Amuchos españoles les ha dolido o avergonzado que Pedro Sánchez recibiese a Torra sin darle trascendencia al lazo amarillo que lucía en su chaqueta. Un gesto provocador que en el lenguaje simbólico del separatismo significa que éste es un país con presos de conciencia en el que se reprime a la gente por expresar sus ideas, y que el golpe contra la Constitución del pasado octubre fue un ejercicio legítimo de soberanía propio de una sociedad abierta y moderna. Esa insignia insulta al poder judicial, a las instituciones democráticas y al conjunto del Estado al que el jefe del Gobierno representa, y por un mínimo de respeto a todo eso, su portador estaba obligado a dejarla en la puerta. Pero sobre todo era su anfitrión el que debió plantearle que la entrevista no se podía celebrar mientras el visitante no se quitase de la solapa el dichoso emblema, porque en ese momento Sánchez no ejercía en nombre propio ni de su partido, sino de España entera. Y existen en ella muchos ciudadanos, probablemente una amplia mayoría, que consideran ese lazo una ofensa.

Pero el presidente tragó –y nos hizo tragar– el agravio, como se lo había tragado antes el mismo Rey en los Juegos Mediterráneos.
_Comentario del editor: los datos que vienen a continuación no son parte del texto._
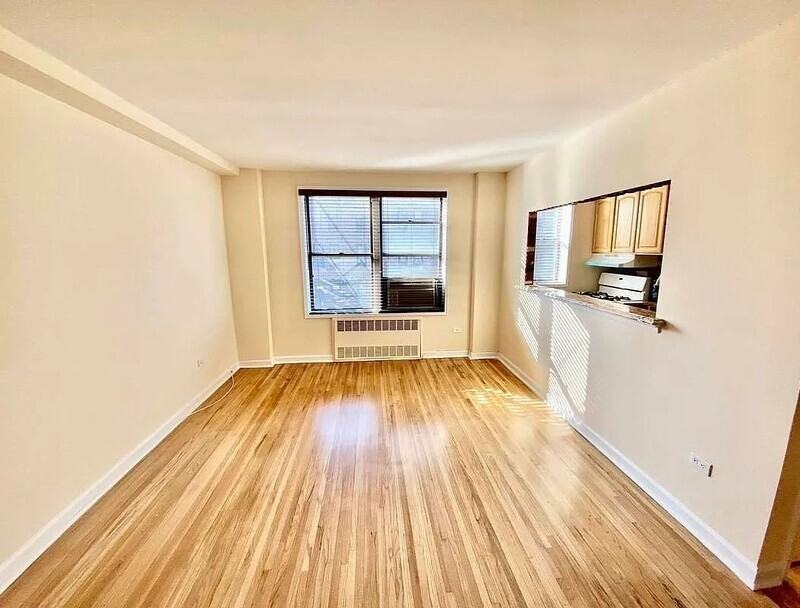 7423 Ridge Blvd #4F - Photo 2 of 12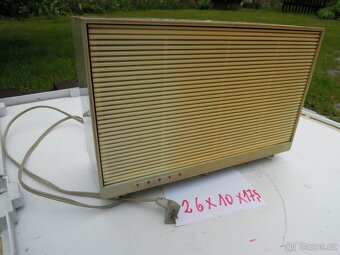 Reproduktor v dřevěné skřínce a Retro reproduktory . - 9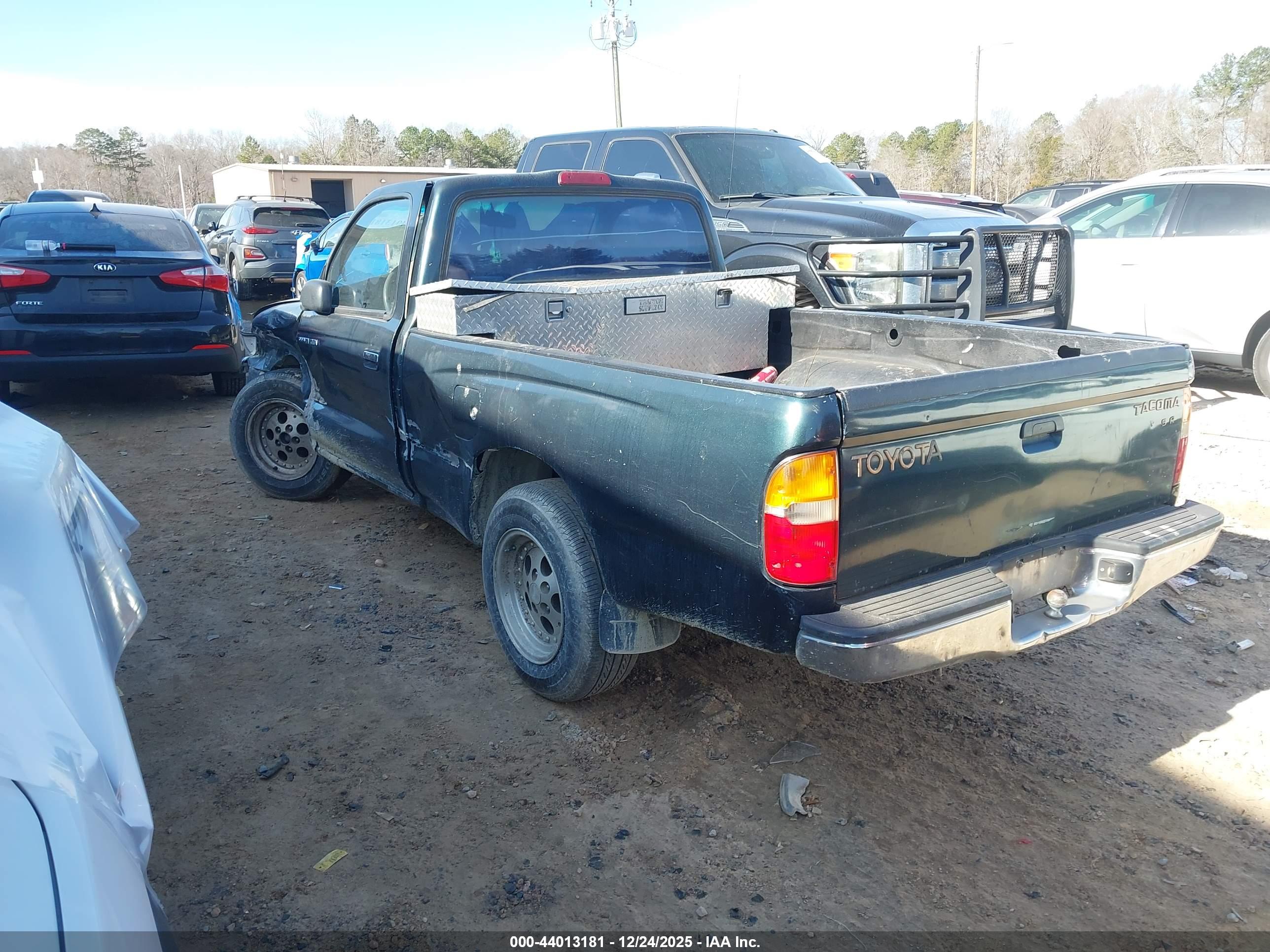 TOYOTA TACOMA image 3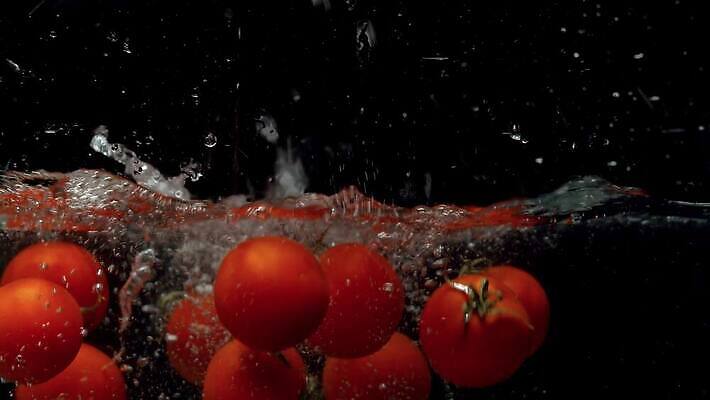 음식 컬러 포즈 백그라운드 이동 컨셉 토마토 채소 표면 실내 건강 사람없음 빨간색 물 빛 반사 검은색 어둠 거품 물방울 신선 원형 액체 닫기 떨어짐 먹기 분무기 정물화 채식주의자 스플래쉬 비건 4K 유체 MP4 해외동영상 클립영상 자연요소 도형 모션 내부 그림 채식 동영상 파일형식
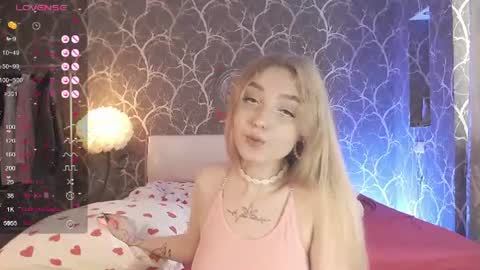 Mia online show from June 11, 12:36 pm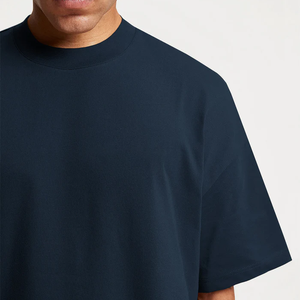 เสื้อยืดโอเวอร์ไซส์แบบคัสตอม 300 GSM สำหรับผู้ชาย เสื้อคอเต่าผ้าฝ้าย 100% หนานุ่ม ทรงบ็อกซี่ พิมพ์ลายกราฟิก เสื้อผ้าสตรีทแวร์สุดหรู - Product Image 5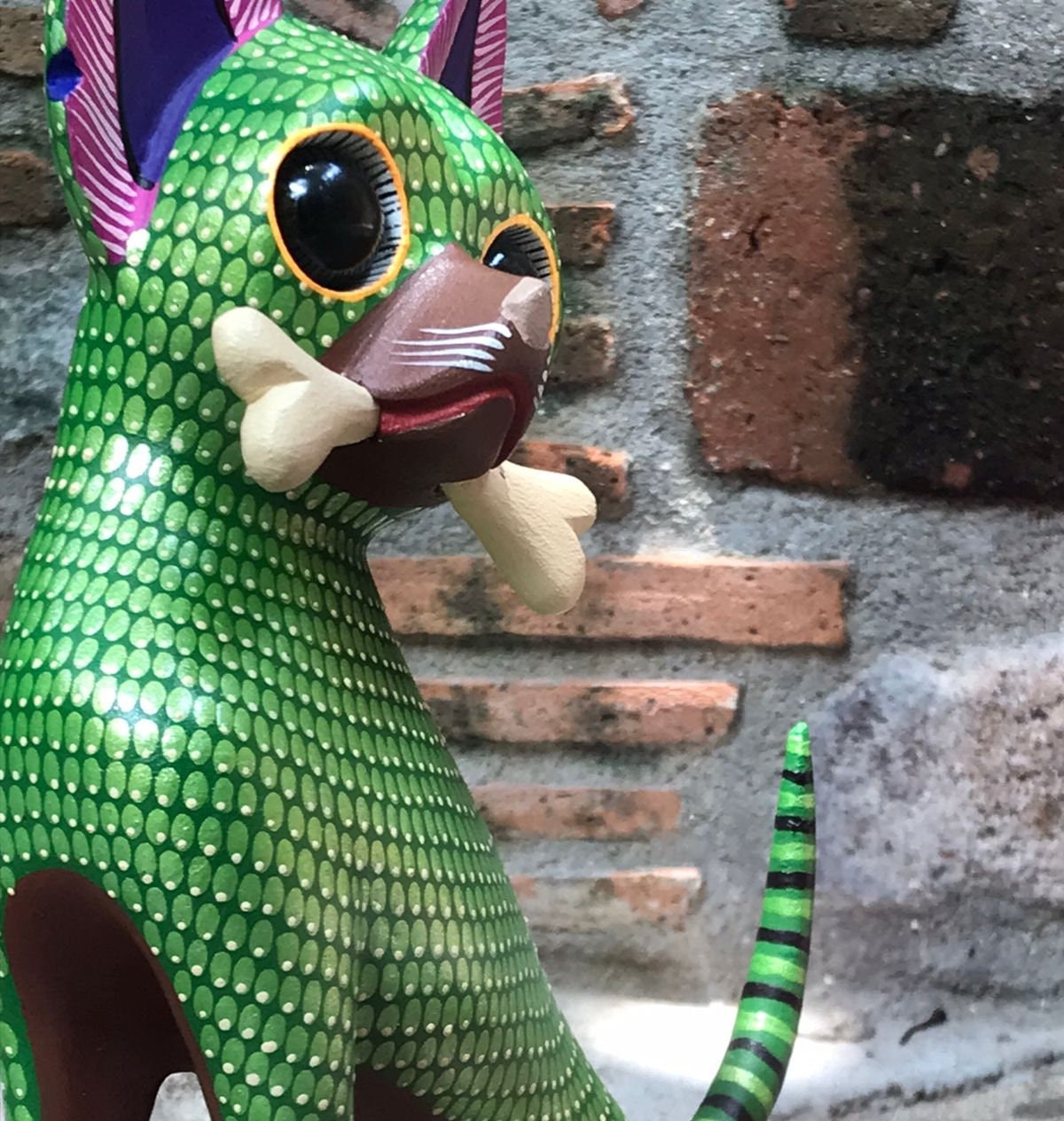 Great Mexican Oaxacan Wood Carving Alebrije Chihuahua By Isaac Fabian PP4538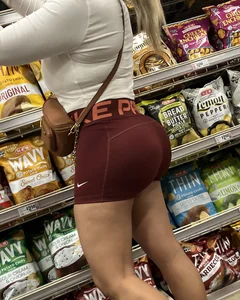 Latina with hot bubble ass in spandex shorts. OC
Aquella tarde, al menos, Torra estaba «en su casa», dicho en sentido lato, y en todo caso no se trataba de una sede oficial sino de un estadio. En la Moncloa, en cambio, el pin amarillo emitía un mensaje claro: era la primera condición para el diálogo. A partir de que el presidente la aceptó sin remilgos, tiene sólo relativa importancia lo que ambos hablasen en privado. La humillación había sido perpetrada y la democracia española rebajada, con la complacencia de su primer ministro, a la execrable condición de un régimen arbitrario.

En los sistemas de opinión pública son muy relevantes los símbolos. Sánchez no sólo lo sabe sino que los ha incorporado con eficacia a su lenguaje político. Sin embargo fue capaz de permanecer tres horas delante de Torra, con su destelleante reproche bien a la vista, sin darse por aludido; tal vez incluso se justifique a sí mismo pensando que un gobernante tiene la responsabilidad de suavizar conflictos. Porque ésa es –por ahora– su estrategia: marcar diferencias con el marianismo, cabalgar el tigre nacionalista durante todo el tiempo en que pueda mantener el equilibrio. Aun en la convicción de que el tigre, como lo demostró ayer prometiendo seguir con su proyecto de ruptura, acabará por volver a enseñar sus colmillos.

Pero ahora se trata de ganar tiempo. Tiempo de poder, cuya exigente lógica siempre cobra un precio. Sólo que al transigir con el alfiler golpista, al menoscabar la autoestima de la nación con su hiriente encogimiento, el presidente no abonó esa factura con su dignidad ni con su orgullo, sino con los nuestros. Con los de un pueblo que no se merece que sus dirigentes desprecien su razón ni sus sentimientos.